After a short conversation with on the #logstash channel at Freenode, I realized that I did not know how my data was sent and how it was stored in Graphite. I knew that StatsD collects and aggregates my metrics. And I knew that StatsD ships them off to Graphite. Which I knew stores the time-series data and enables us to render graphs based on these data.

What I did not know was if my http-access graphs displayed requests per second, average requests per retention or anything else.

It was time to research how these things worked in order to get a complete understanding.

StatsD

To get a full understanding of how works, I started to read the source code. I knew StatsD was a simple application, but I did not knew it was this simple. Just over 300 lines of code in and around 150 lines in .

Concepts in StatsD

StatsD has a few concepts listed in the documentation that should be understood.

Buckets

Each stat is in its own “bucket”. They are not predefined anywhere.
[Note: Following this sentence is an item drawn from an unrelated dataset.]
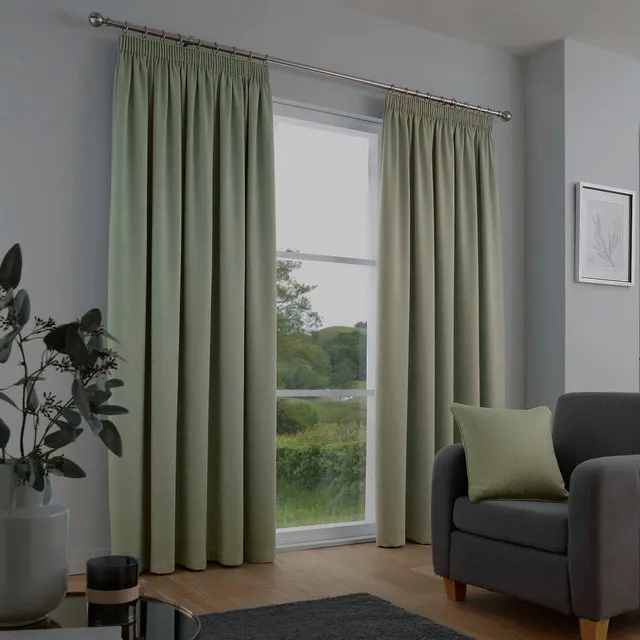 Green Galaxy Dim Out Light Reducing Tape Top Pencil Pleat Curtains Pair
Buckets can be named anything that will translate to Graphite (periods make folders, etc)

Values

Each stat will have a value. How it is interpreted depends on modifiers. In general values should be integer.

Flush interval

After the flush interval timeout (default 10 seconds), stats are aggregated and sent to an upstream backend service.

Metric types

Counters

Counters are simple. It adds a value to a bucket and stays in memory until the flush interval.

Lets take a look at the source code that generates the counter stats that gets flushed to the backend.

for (key in counters) {
var value = counters[key];
var valuePerSecond = value / (flushInterval / 1000); // calculate "per second" rate
statString += 'stats.' + key + ' ' + valuePerSecond + ' ' + ts + "\n";
statString += 'stats_counts.' + key + ' ' + value + ' ' + ts + "\n";
numStats += 1;
}

First, StatsD iterates over any counters received, where it starts by assigning two variables. One variable holds the counter value, and one variable holds the per-second value. It then adds the values to the statString and increases the numStats variable.

If you have the default flush interval, 10 seconds, and send StatsD 7 increments on a counter with the flush interval, the counter would be 7 and the per-second value would be 0.7. No magic.

Timers

Timers collects numbers. They does not necessarily need to contain a value of time. You can collect bytes read, number of objects in some storage, or anything that is a number. A good thing about timer, is that you get the mean, the sum, the count, the upper and the lower values for free. Feed StatsD a timer and this gets automatically calculated for you before it is flushed to Graphite. Oh, I almost forgot to mention that you also get the 90 percentile calculated for the mean, sum and upper values as well. You can also configure StatsD to use an array of numbers as percentiles, which means you can get 50 percentile, 90 percentile and 95 percentile calculated for you if you want.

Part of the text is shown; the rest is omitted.